● WHAT TO DO
Beneath this line are the data; copy exactly the part of them that opens with the line containing "These are reusable" and closes with the line containing "This one is", and only that part.

● EXCERPTED RECORDS

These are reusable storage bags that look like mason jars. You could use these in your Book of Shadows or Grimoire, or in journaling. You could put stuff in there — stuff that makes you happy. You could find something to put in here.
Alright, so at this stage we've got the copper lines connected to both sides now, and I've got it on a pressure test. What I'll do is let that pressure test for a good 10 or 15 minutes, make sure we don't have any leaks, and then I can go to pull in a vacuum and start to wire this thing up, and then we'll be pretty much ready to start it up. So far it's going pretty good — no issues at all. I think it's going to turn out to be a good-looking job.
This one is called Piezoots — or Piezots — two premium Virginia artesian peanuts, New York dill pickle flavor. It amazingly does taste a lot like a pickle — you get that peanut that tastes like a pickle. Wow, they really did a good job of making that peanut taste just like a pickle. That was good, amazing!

* * *

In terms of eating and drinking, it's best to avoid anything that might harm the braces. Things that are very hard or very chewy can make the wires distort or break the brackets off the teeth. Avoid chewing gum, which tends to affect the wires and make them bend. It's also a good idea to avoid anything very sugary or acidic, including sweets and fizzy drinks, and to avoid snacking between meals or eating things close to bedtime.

● ANSWER TO THIS TASK
These are reusable storage bags that look like mason jars. You could use these in your Book of Shadows or Grimoire, or in journaling. You could put stuff in there — stuff that makes you happy. You could find something to put in here.
Alright, so at this stage we've got the copper lines connected to both sides now, and I've got it on a pressure test. What I'll do is let that pressure test for a good 10 or 15 minutes, make sure we don't have any leaks, and then I can go to pull in a vacuum and start to wire this thing up, and then we'll be pretty much ready to start it up. So far it's going pretty good — no issues at all. I think it's going to turn out to be a good-looking job.
This one is called Piezoots — or Piezots — two premium Virginia artesian peanuts, New York dill pickle flavor. It amazingly does taste a lot like a pickle — you get that peanut that tastes like a pickle. Wow, they really did a good job of making that peanut taste just like a pickle. That was good, amazing!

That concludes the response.